Tehran 'remains the primary abuser in Nazanin's case,' but 'the U.K. is also letting us down,' he said.
The reason, he said, is his family 'is caught in a dispute between two states' over an old debt of 400 million pounds that London refuses to settle since the Shah of Iran was ousted in 1979.
'Two years ago, I went on hunger strike in front of the Iranian Embassy, on the eve of Boris Johnson taking over as Prime Minister,' Ratcliffe wrote.
'Two years ago, we were allowed to camp in front of the Iranian Embassy for 15 days, much to their considerable anger,' he said.
'But it got Gabriella home,' he said, referring to the couple's now 7-year-old daughter who had originally traveled to Iran with her mother.
'We are now giving the U.K. government the same treatment,' he said.
'In truth, I never expected to have to do a hunger strike twice. It is not a normal act,' Ratcliffe said. 'It seems extraordinary the need to adopt the same tactics to persuade government here, to cut through the accountability gap.
'It is increasingly clear that Nazanin's case could have been solved many months ago, but for other diplomatic agendas,' he said. 'The PM (Johnson) needs to take responsibility for that. Who does the Government answer to for the choices it makes?
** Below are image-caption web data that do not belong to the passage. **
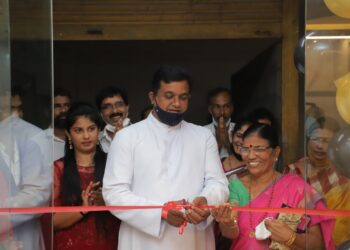 ಪುತ್ತೂರು: ‘ಮೋಹಿ ಡಿಸೈನರ್ ಬ್ಯುಟಿಕ್’ ಶುಭಾರಂಭ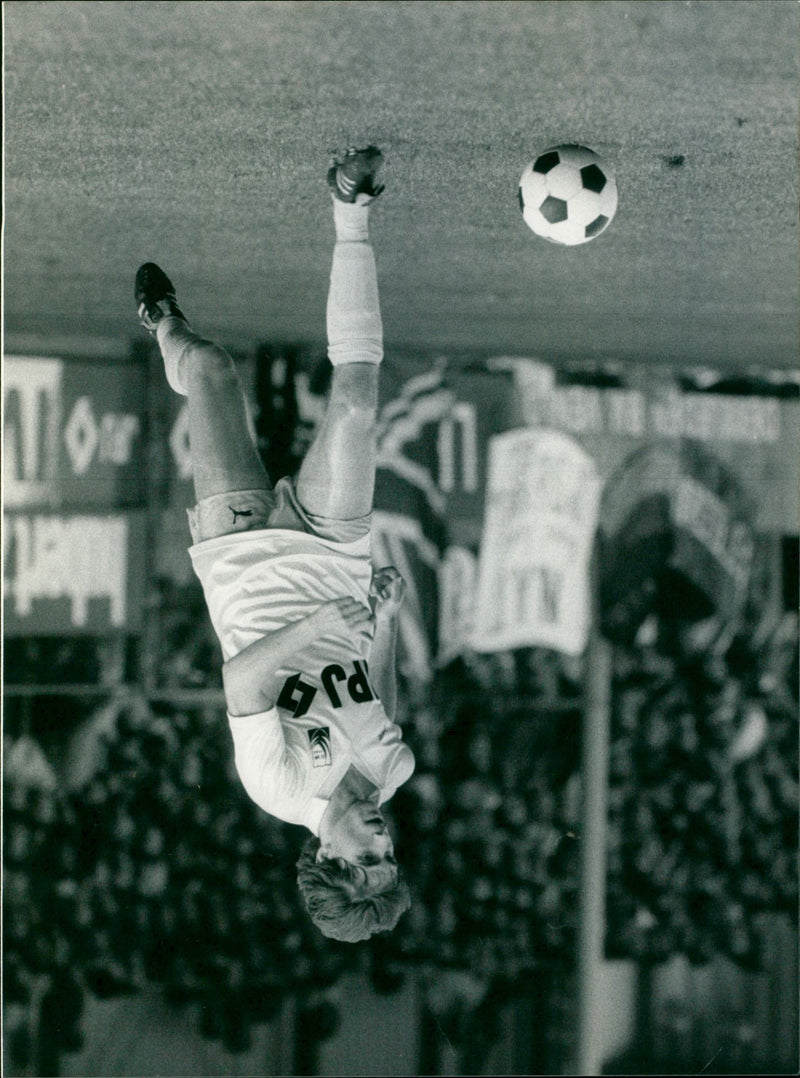 - Vintage Photograph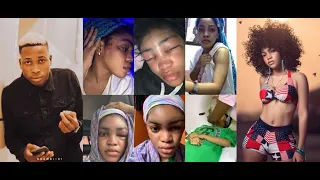 lil frosh pleads not guilty remanded in prison slavery still alive daviskil teatime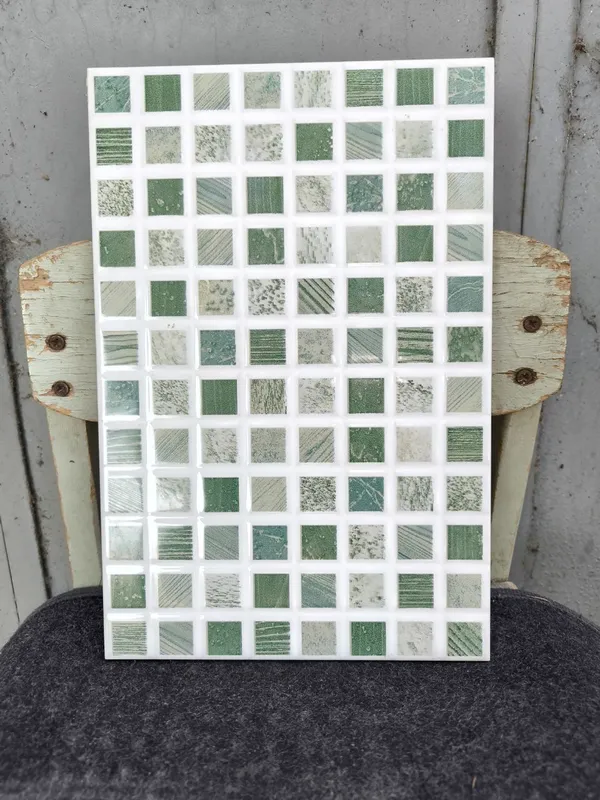 Кафель .30×20 . Беларусь .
Who takes responsibility?'
Nazanin Zaghari-Ratcliffe, a 43-year-old project manager, who lived in London with her husband and daughter, has been held in Iran since 2016 and served a five-year sentence.
In late April, she was sentenced to another year's imprisonment and banned from leaving the country for a further 12 months.
Her family fears she will soon return to prison, which she had been allowed to leave with an electronic bracelet in March 2020 amid COVID-19 concerns.
Zaghari-Ratcliffe is one of a number of Western passport holders being held by Iran in what rights groups condemn as a policy of hostage-taking aimed at winning concessions from foreign powers.
The project manager for the Thomson Reuters Foundation, the news agency and data firm's philanthropic arm, was arrested in April 2016 while visiting family.
She was convicted of plotting to overthrow the regime, a charge she strenuously denied.
She completed that sentence in March this year, only to be slapped with a fresh one-year jail term for 'propaganda against the system.'
The U.K.'s then-foreign minister, Dominic Raab, condemned the second sentence, saying that Iran's treatment of Zaghari-Ratcliffe amounted to torture and she was being held unlawfully.